Schadenfreude’s Little Sister
We have to fight the temptation to fixate on darkness and want the darkness to be darker still.
Been thinking a lot lately about something I can only describe as schadenfreude’s little sister.
You know schadenfreude, right? Such a fantastic word. (Thank you, German!) It is satisfaction and pleasure at someone else’s misfortune.
That wry smile that comes over your face when the jerk you can’t stand gets what’s coming to him. The interior “Yes!” you feel when someone you think is a total schmuck gets his well-earned comeuppance. It’s also just the thoughtless and heartless cheering over a stranger’s bad luck because it amuses us and makes us feel superior.
I’d bet we’ve all experienced schadenfreude to some degree, because we’re all human. It is, however, a sinful disposition, and one that requires confession and repentance. Charity asks better of us. Do not indulge yourself in schadenfreude.

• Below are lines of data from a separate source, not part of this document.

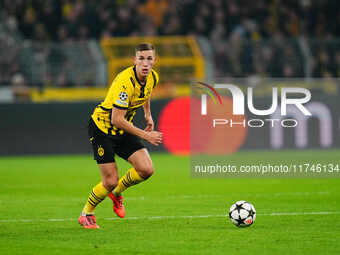 Nico Schlotterbeck of Borussia Dortmund  controls the ball during the Champions League Round 4 match between Borussia Dortmund v SK Sturm Gr...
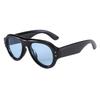 Retro Oval Large-Frame Hip Hop Sunglasses for Women - Versatile and Fashionable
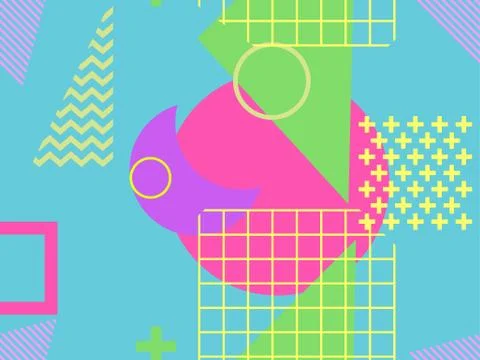 Seamless pattern in the style of the 80s and 90s with geometric shapes and me Stock Illustration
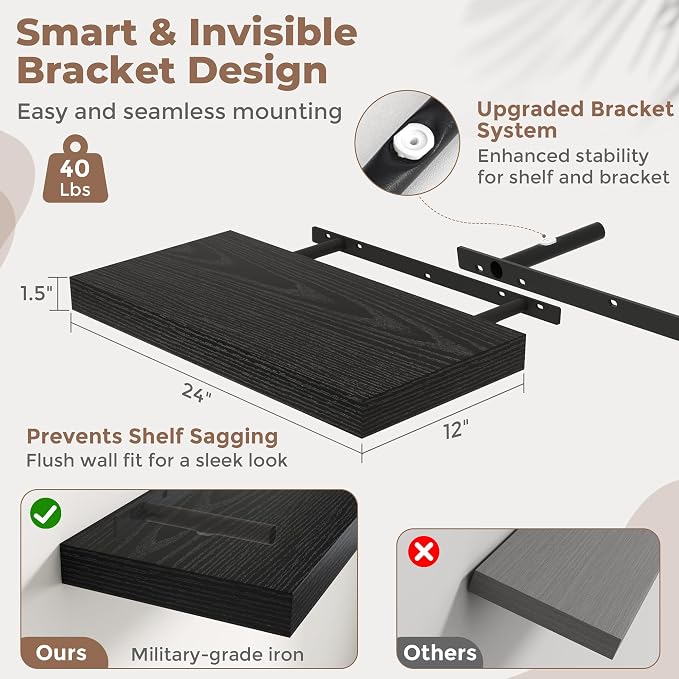 24 Inch Floating Shelves for Wall Set of 2, Easy Install Engineered Wood - Image 3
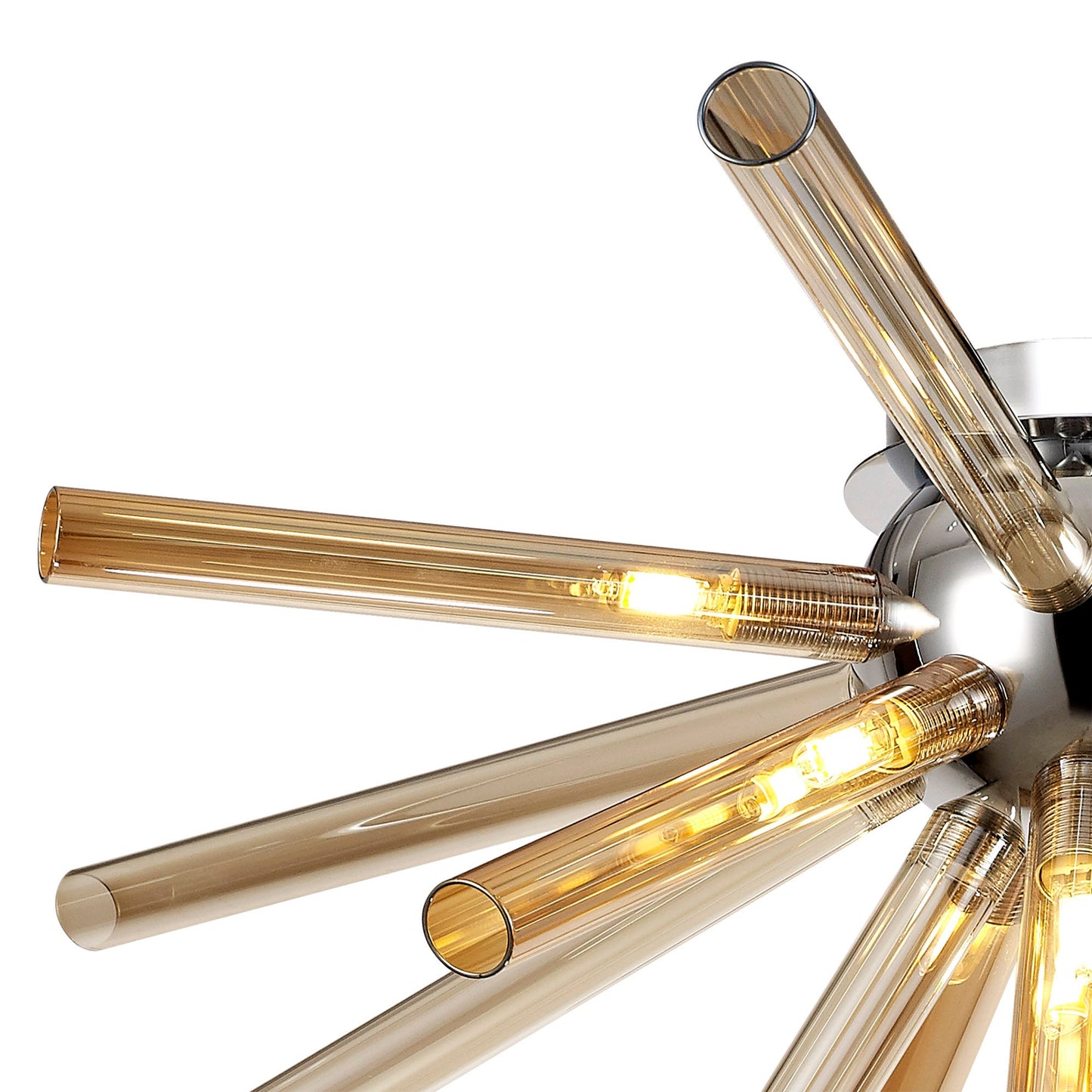 Sandiway Semi-Flush 8 Light G9, Amber & Champagne and Polished Chrome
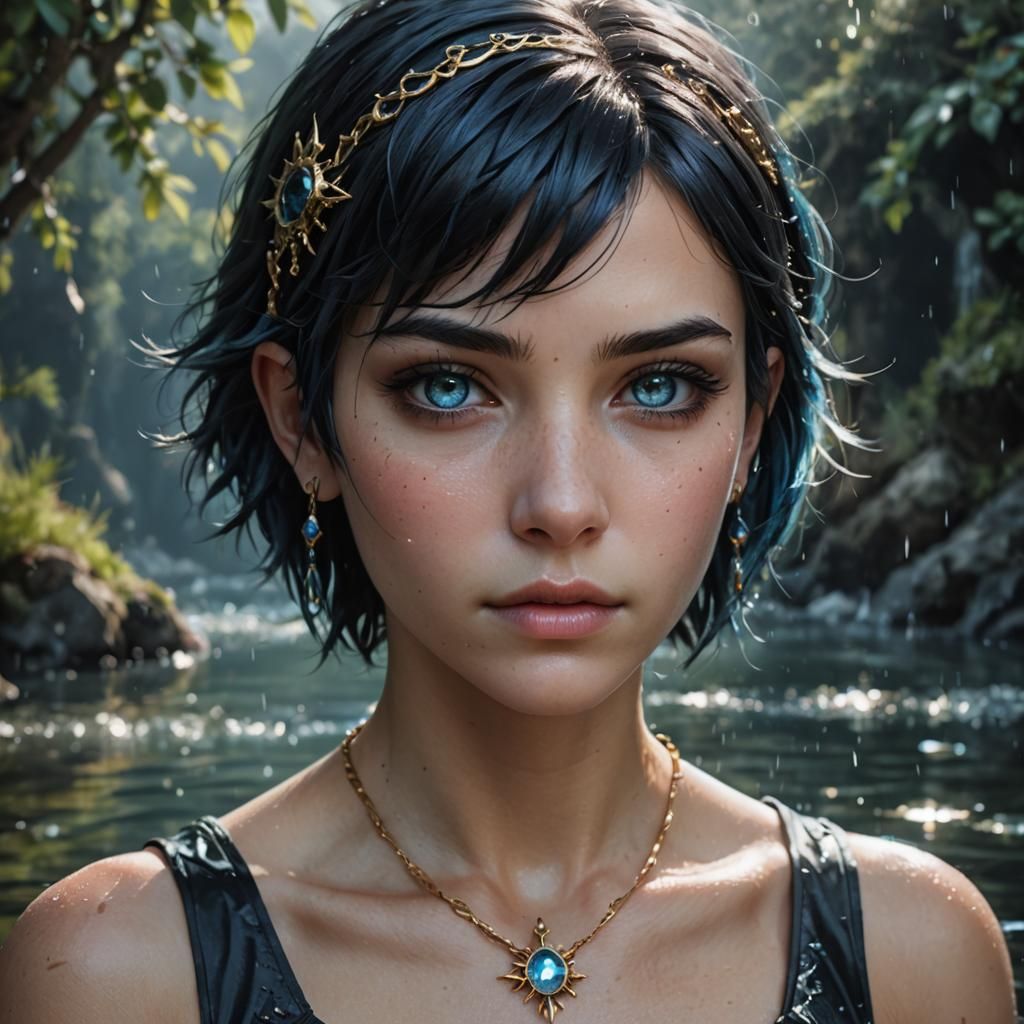 Fantasy Woman with Black and Blue Hair Portrait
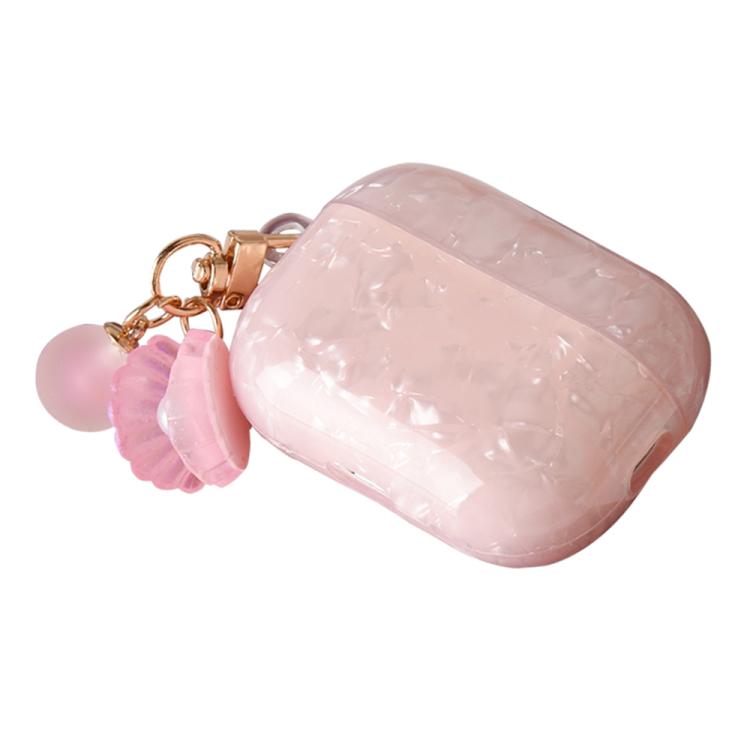 Shell Texture Pearl Hanging Buckle Earphone Case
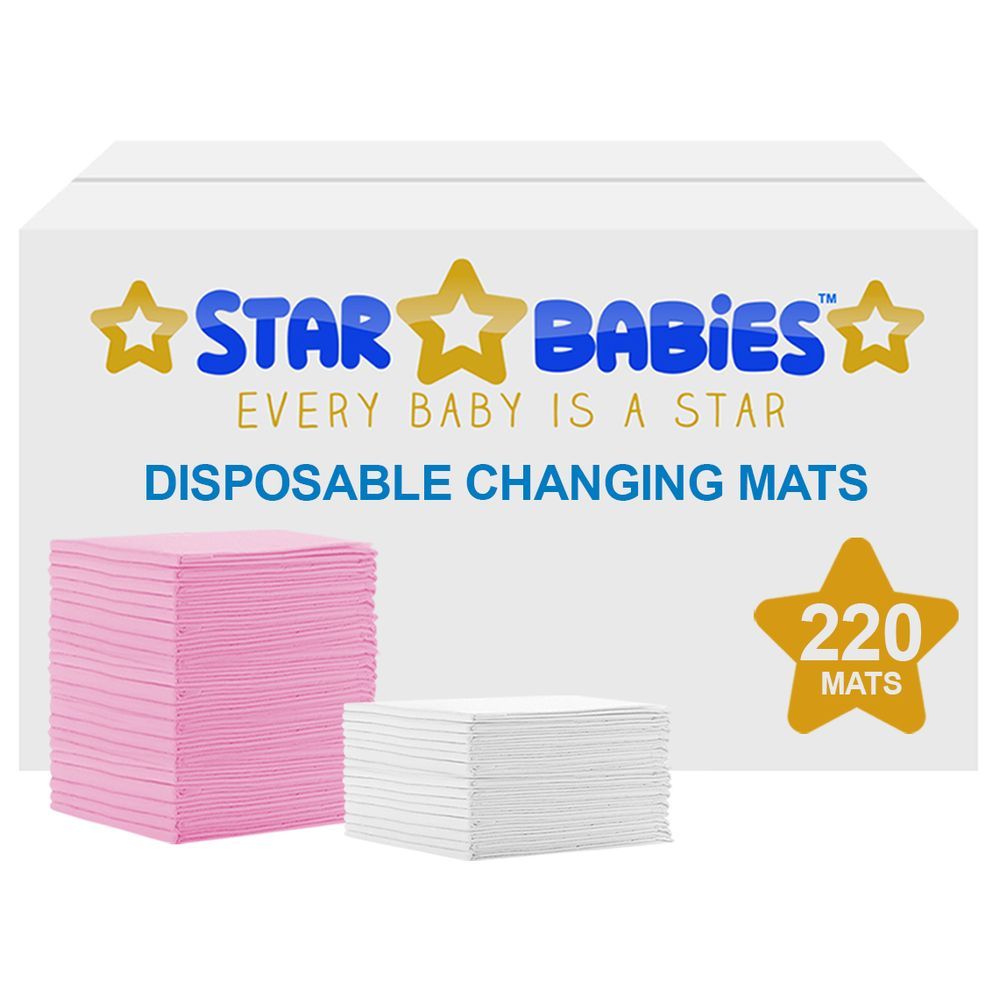 Star Babies - Disposable Changing mats (45x60cm) Large, Pack of 220 - Assorted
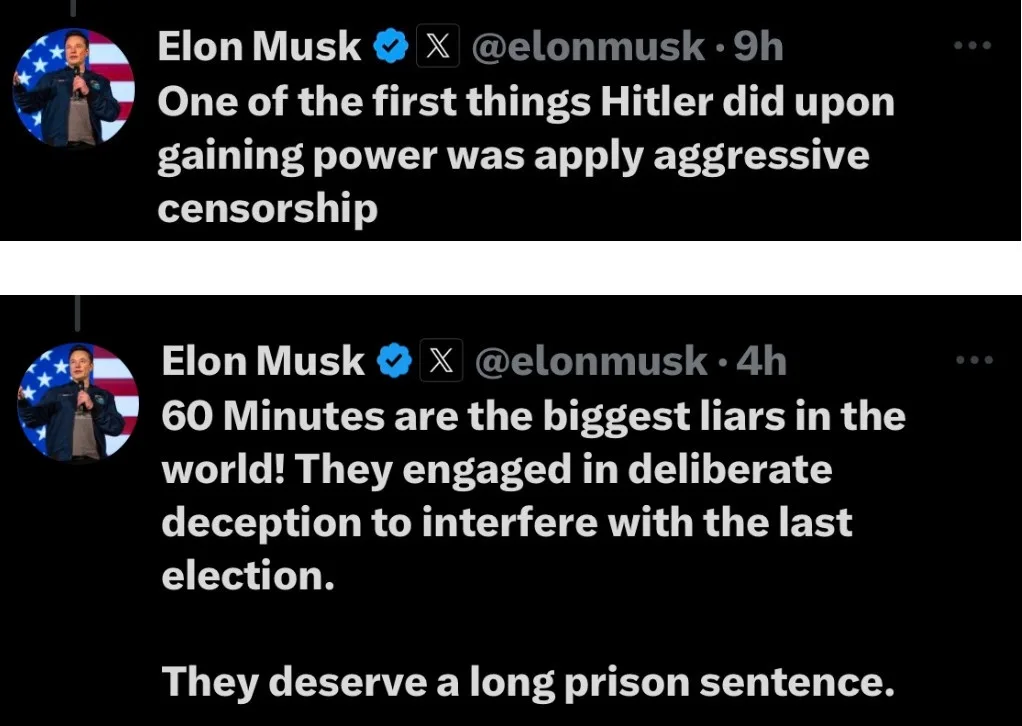 The image displays two consecutive tweets from Elon Musk's X account, both featuring his profile picture against an American…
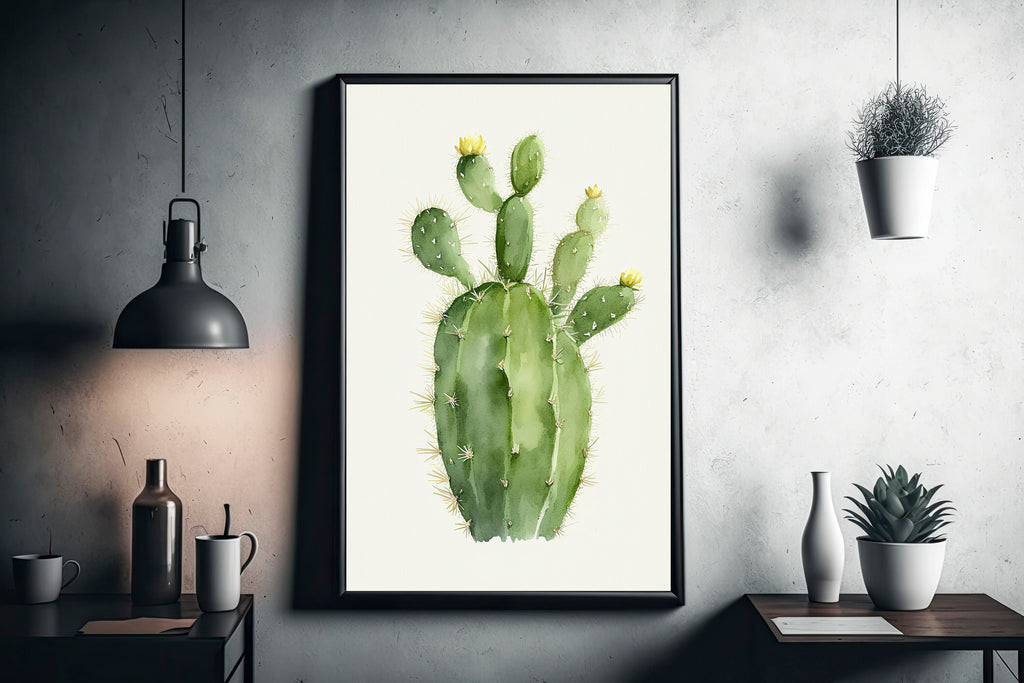 Cactus Plant Print Watercolor Painting Botanical Wall Art Southwest Artwork Gift Rustic Desert Home Decor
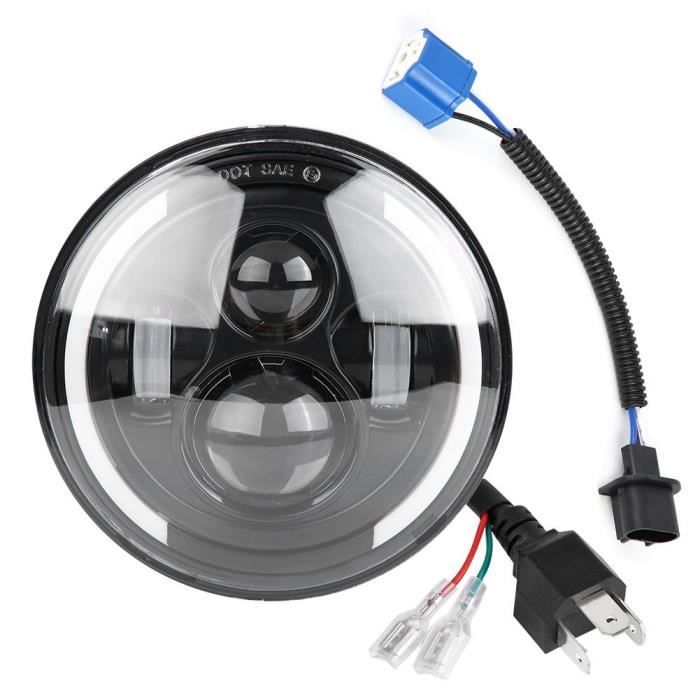 Kit 2 Phares LED Ronds 7" Avec Halo DRL Pour Jeep Wrangler JK - Noir - Neuf - Garantie 5 Ans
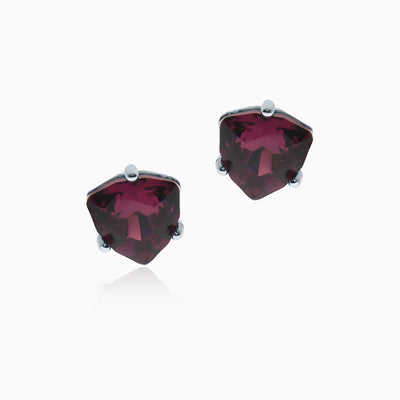 Stud Trilliants M Silver Crystal Earrings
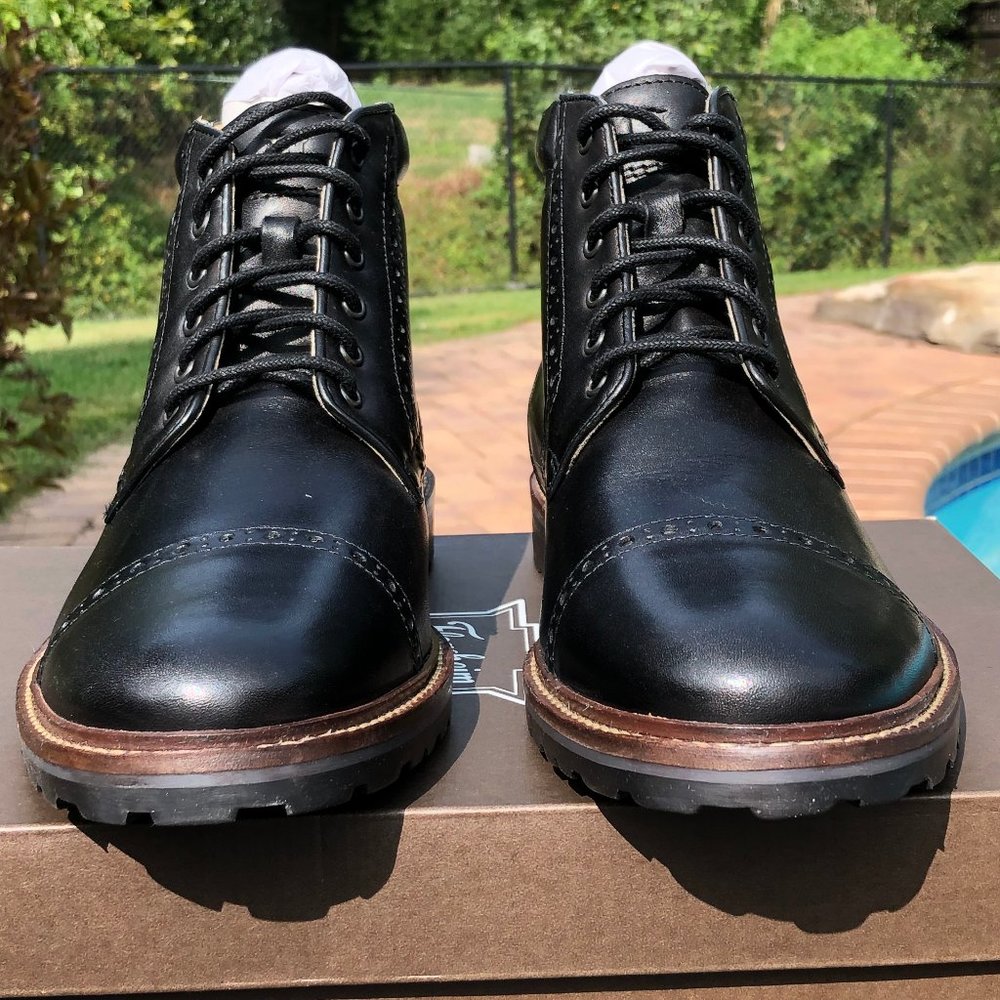 Florsheim Fenway Black Leather Brogue Cap Toe Boot - Picture 4 of 12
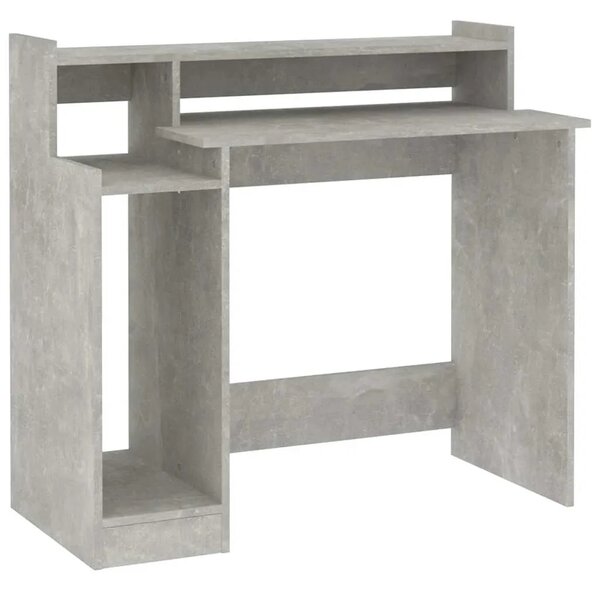 Radni stol s LED svjetlima sivi 97x45x90 cm konstruirano drvo - Beton siva Beton siva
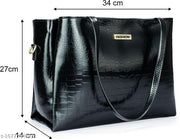 Women’s Croco Textured Tote Handbag | Multi Compartment Shoulder Bag | Stylish Office & Casual Bag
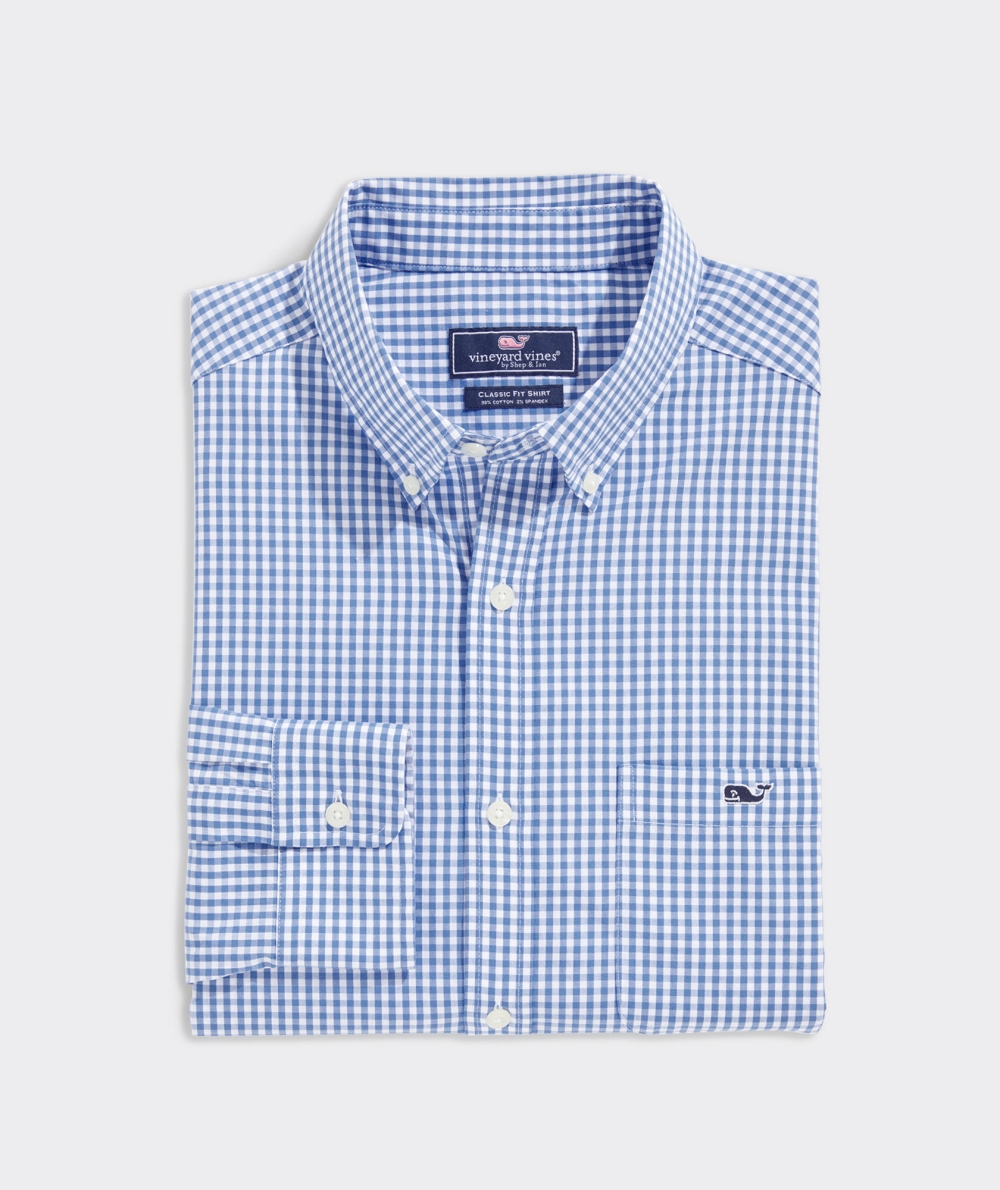 Camisas Vineyard Vines Stretch Poplin Gingham Shirt Hombre Azules | MIL-406719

Schadenfreude’s Little Sister
You and I should take heed that we don’t also indulge in her little sister: the stinginess of heart that makes us reluctant, even unwilling, to acknowledge the goodness in our “enemies.” The miserliness of spirit that makes us double-down and refuse to admit that someone we dislike is perhaps not as bad as we thought. Or at least not quite guilty of what we thought. Or not so unlike ourselves in many ways.
Take a look out there and it’s obvious that many, many people are determined to see the worst in others. Not just see the worst, but pronounce the worst, and then sentence the other in the harshest manner. How often do we see someone take a second look, or really listen to an opponent’s argument and say, “I hear what you’re saying”?
How often does someone say to another, “There’s more merit in your position than I thought”? Even if we still ultimately disagree with the other, is it not possible to even try to give the benefit of the doubt? To at least listen without hearing through our own filter of dislike and obstinance?
There are many substantive issues about which we can heartily and legitimately disagree. There are many moral issues about which there is objective right and wrong, and never the twain shall get together for coffee. Even then, we are still called to charity and as much patience as we can muster. Truth and love must be inseparable, along with truth and mercy.
‘I Was Wrong’
We are obliged to acknowledge when we too harshly judged another, or flat-out wrongly judged another’s position or beliefs. A civil society of mature people requires the ability to say, “This person is not as bad as I thought. I was wrong.”
G.K. Chesterton said it beautifully:
There is nothing so satisfactory as finding that some man is better than we thought; there is no sensation so pleasant to a generous spirit as being convicted of calumny. — G.K. Chesterton, Daily News (London), June 26, 1901
What a thought — to be pleased to discover we have been proved wrong about someone. Let’s strive for generosity in spirit as far as we possibly can.
The Horrible Alternative
The alternative is simply horrible for everyone, and our poor nation is headed there too quickly.
But of course, the nation is made up of individuals, and it’s the individual who must choose how to behave, how to think, how to treat his neighbor and even his enemy.
C.S. Lewis illuminates it for us:
Suppose one reads a story of filthy atrocities in the paper. Then suppose something turns up that suggests that the story might not be quite true, or not quite so bad as it was made out. Is one’s first feeling, ‘Thank God, even they aren’t quite so bad as that,’ or is it a feeling of disappointment, and even a determination to cling to the first story for the sheer pleasure of thinking your enemies are as bad as possible? If it is the second then it is, I am afraid, the first step in a process which, if followed to the end, will make us into devils. You see, one is beginning to wish that black was a little blacker. If we give that wish its head, later on we shall wish to see grey as black, and then to see white itself as black. Finally we shall insist on seeing everything — God and our friends and ourselves included — as bad, and not be able to stop doing it: we shall be for ever in a universe of pure hatred.
Now, generosity of spirit on your part will be to not read the above and inject racism into it, since neither Lewis nor I mean anything of the sort. Alrighty? Good.
We have to fight the temptation to fixate on darkness and want the darkness to be darker still; to wish the filthy were even filthier. We will end up corrupting every spot of goodness we find, until even goodness itself is despised by us.
Send schadenfreude and her stingy little sister packing.